Are we at – OK, you seeing the pattern here?

Oooh, clouds.

I like clouds.

But the clouds are boring today.

What’s so interesting about fluffy white wet things? I ask you, WHAT – is – So – FUCKING – interesting? Dan the Weatherman on Nottinghamshire TV probably likes clouds, but ONLY BECAUSE HE’S NEVER BEEN BORED ENOUGH TO FUCKING FALL THROUGH ONE AT 120 MPH.

I remember a steppes tribesman years ago, asking me if the grazing was good in London that year. Now that was an interesting thing to say.

Still in the clouds. Hooooo


OK, it was interesting for a moment. Falling through clouds – let’s face it – has certain potential on a sunny Saturday. It’s not equivalent to, say, the weekly trip to Tesco. Or even the cinema.

But I’m still glancing at my altimeter like it’s on the wrist of a fucking 1930s civil servant at 4.55pm.

Another 360. Won’t be long now.





Reach around and pull the throwaway. And I’m ready to do something interesting again.

I’ve got to start FS coaching. Soon.

Falling from a Spanish sky, twenty times or higher – why?


Ancient region of the Moors, now the cradle of Spanish culture!

I’m back from the most beautiful of Spain’s regions yet never saw anything outside the modern Spain of suburban construction.

The reason: I wasn’t there for culture. I was there to jump out of planes. And Skydive Spain must be one of the best places in the world to do it. I’m now a qualified skydiver after a year of odd weekend jumping, and it feels great.

Ten days in a hangar and twenty jumps from 15,000ft, a minute of vertical giggles before pulling out the pilot chute, and the thrills and laughs came in equal measure. Some wild moments. The jump where my alti ripped off my wrist; the jump where I fluffed a float exit, the jump where I’m certain a lizard fell out of my canopy as it opened, at which I was very surprised. (Although presumably not as surprised as the lizard.) And that last jump. WHAT a last jump.

On Monday I needed one more jump to qualify for an ‘A license’, the basic certification needed to jump solo or with FS1s anywhere in the world, and the wind got messy: 100 jump minimum. With Tuesday the last day – we were leaving at 4pm – I arrived at the dropzone and it was still in force. Dropped a bit, I kitted up, and then the wind warning came back just as the jumpmaster was checking out my rig. Damn.

An hour passed. The sign never came down, but the windsock went flaccid for a moment, then another moment. Then I saw in the manifest officer’s eyes that look: the look where they know everything’s going to be ok whatever happens. And she cleared me to jump.

I was in kit and on the plane in ten minutes.

As we took off, it felt different. I’ve jumped in winds before – actually my first jump a year back, from a static line, was in higher winds than strictly allowed for firsttimers.
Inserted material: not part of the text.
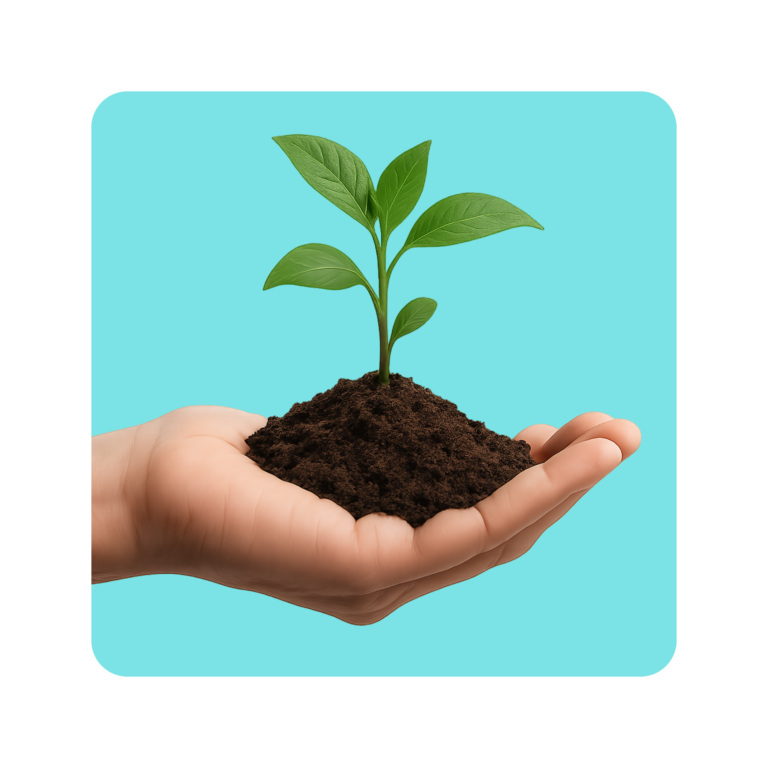 Spark Connect The Digital Growth Agency for Care Homes & Care Agencies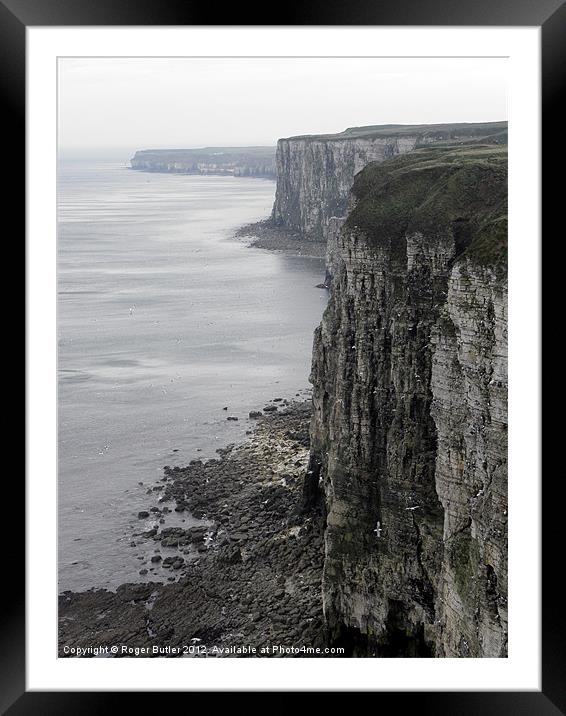 Early Spring at Bempton Cliffs Framed Mounted Print by Roger Butler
But this wind was seriously borderline. When I exited at 15 grand I felt it. It was harder to hold stable, and movements caused more rockiness than usual. This felt like a real skydive. I did a backflip to celebrate.

This isn't me, it's just a cool photo.Glanced down, checked alti. At 12K I was some distance from the airfield. Time for my favourite freefall activity: tracking. I haven’t done much of it but when it works it feels fantastic: looking forward, arms back at 45 degrees, legs straight, you forget you’re falling and really feel you’re flying. (Superman didn’t know nuthin’; you can’t do it with one arm out in front.) For nearly ten seconds it all worked, grinning like a maniac, flying myself back towards the airfield as if it were the most natural thing in the world.

You can’t explain skydiving to someone who’s never done it. You just can’t.

Whoops, over the runway. I can feel the winds. I wave off and pull the pilot ‘chute, remembering – as I’ve forced myself to all week – to throw it away and not hold on. (I first trained with a ripcord, where you pull out a separate toggle and then stow it away, but absently keeping hold of a pilot ‘chute would be a very bad idea.) The ripstop F111 fabric unfolds above me like orchids in timelapse photography, there and square and beautiful, at 3800ft.

Directly below me, the aircraft buzzes between my legs like a dragonfly as it starts its landing run.

Despite the winds it’s the best landing I’ve ever done: square on to the wind, perfectly flared. I run two steps, stay standing (rare for me) and furl the canopy as if I’ve been doing it for years. Everything worked this time.

When I get back to the hangar, there’s a 200 jump minimum in force. I’ve been up on the only inexperienced lift of the day. And it’s won me my A license. What a holiday. What a holiday!

Awesome tunnel camp

Warwick Skydive’s 2008 Tunnel Camp took place this week, and it was incredible. Despite all those jumps from real aeroplanes, this was the point where I actually learned to fly. (That’s me, in the fetching light-blue-with-yellow-piping number.)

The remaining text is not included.